Ruh-Roh. John Tierney in today’s Times:
… Jonathan Haidt, a social psychologist at the University of Virginia who studies the intuitive foundations of morality and ideology … polled his audience at the San Antonio Convention Center [during the annual meeting of the Society for Personality and Social Psychology], starting by asking how many considered themselves politically liberal. A sea of hands appeared, and Dr. Haidt estimated that liberals made up 80 percent of the 1,000 psychologists in the ballroom. When he asked for centrists and libertarians, he spotted fewer than three dozen hands. And then, when he asked for conservatives, he counted a grand total of three.
“This is a statistically impossible lack of diversity,” Dr. Haidt concluded, noting polls showing that 40 percent of Americans are conservative and 20 percent are liberal. In his speech and in an interview, Dr.

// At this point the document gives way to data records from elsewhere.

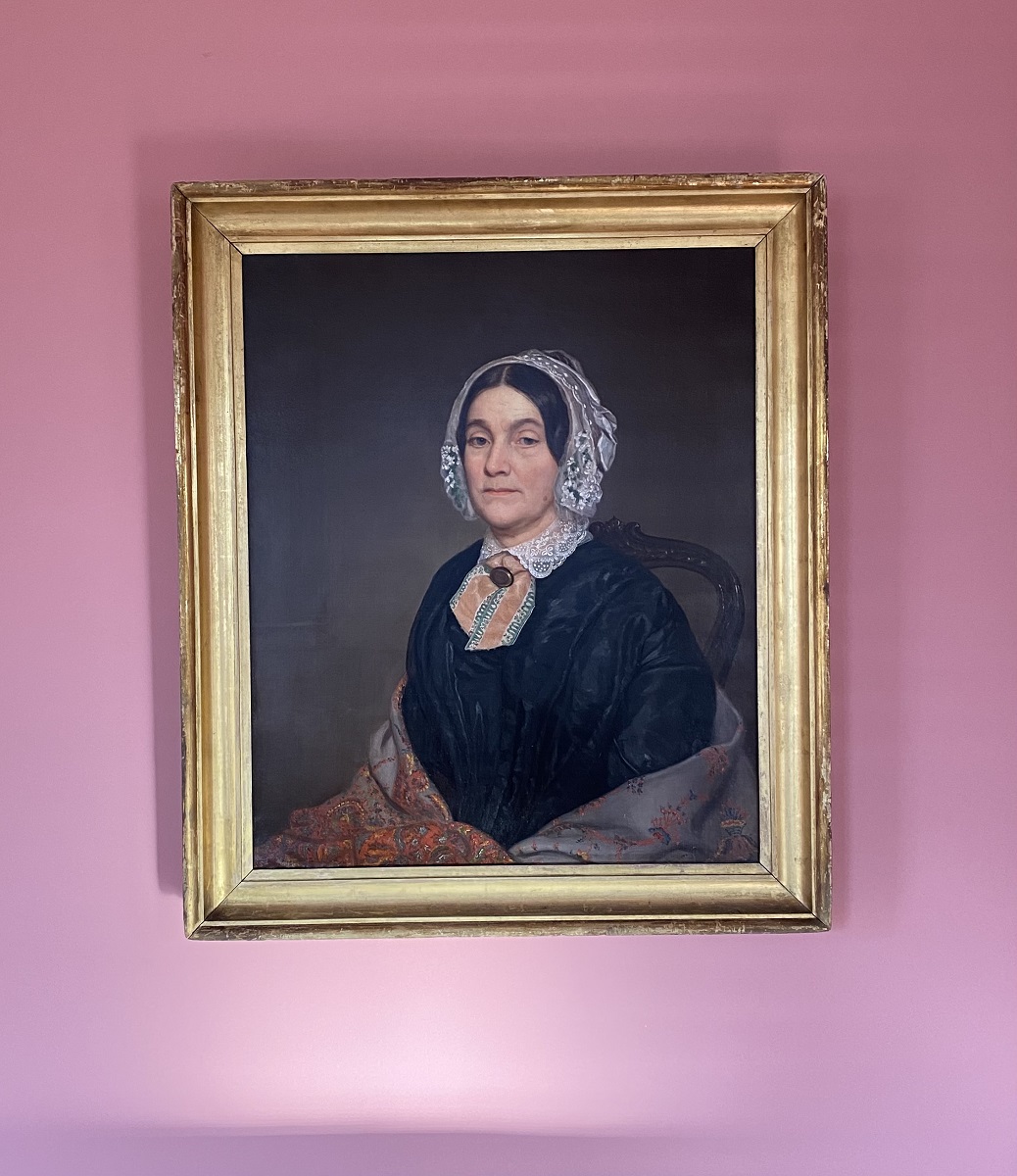 Treated “Lady in a Lace Bonnet” painting in Robert Frost Home Gold-framed portrait of woman in black dress, shawl, and white lace bonnet, hanging on pink wall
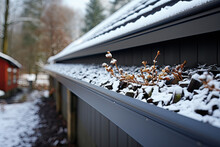 Clogged Gutter On The Roof With Dirt, Debris And Fallen Leaves Does Not Allow Rainwater To Drain Properly.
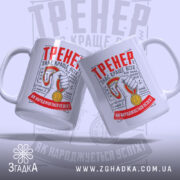 Чашка для найкращого тренера, біла, зображена в ракурсі з двох боків, на фоні світло-сірого кольору. Принт містить червоний напис 'ТРЕНЕР' та зображення руки з медаллю. Ручки чашок круглі, краї гладкі, поверхня матова.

Haidt argued that social psychologists are a “tribal-moral community” united by “sacred values” that hinder research and damage their credibility – and blind them to the hostile climate they’ve created for non-liberals.
“Anywhere in the world that social psychologists see women or minorities underrepresented by a factor of two or three, our minds jump to discrimination as the explanation,” said Dr. Haidt, who called himself a longtime liberal turned centrist. “But when we find out that conservatives are underrepresented among us by a factor of more than 100, suddenly everyone finds it quite easy to generate alternate explanations.”
The lack of diversity isn’t actually “statistically impossible” in a self-selecting group. But that of course is the point. How can it be that an academic field is so politically homogeneous? What kind of biases does such homogeneity produce? What sort of ideas get crowded out? And how homogeneous are other disciplines?
I have to say that I was surprised at the overt political (leftward) bias exhibited by several prominent economists at the recent American Economics Association meetings, although my sample set was quite small.
It is interesting — and sobering — that two fields, psychology and economics, that we rely upon to describe and amend bias in the world are themselves so susceptible to bias within the ranks of their practitioners.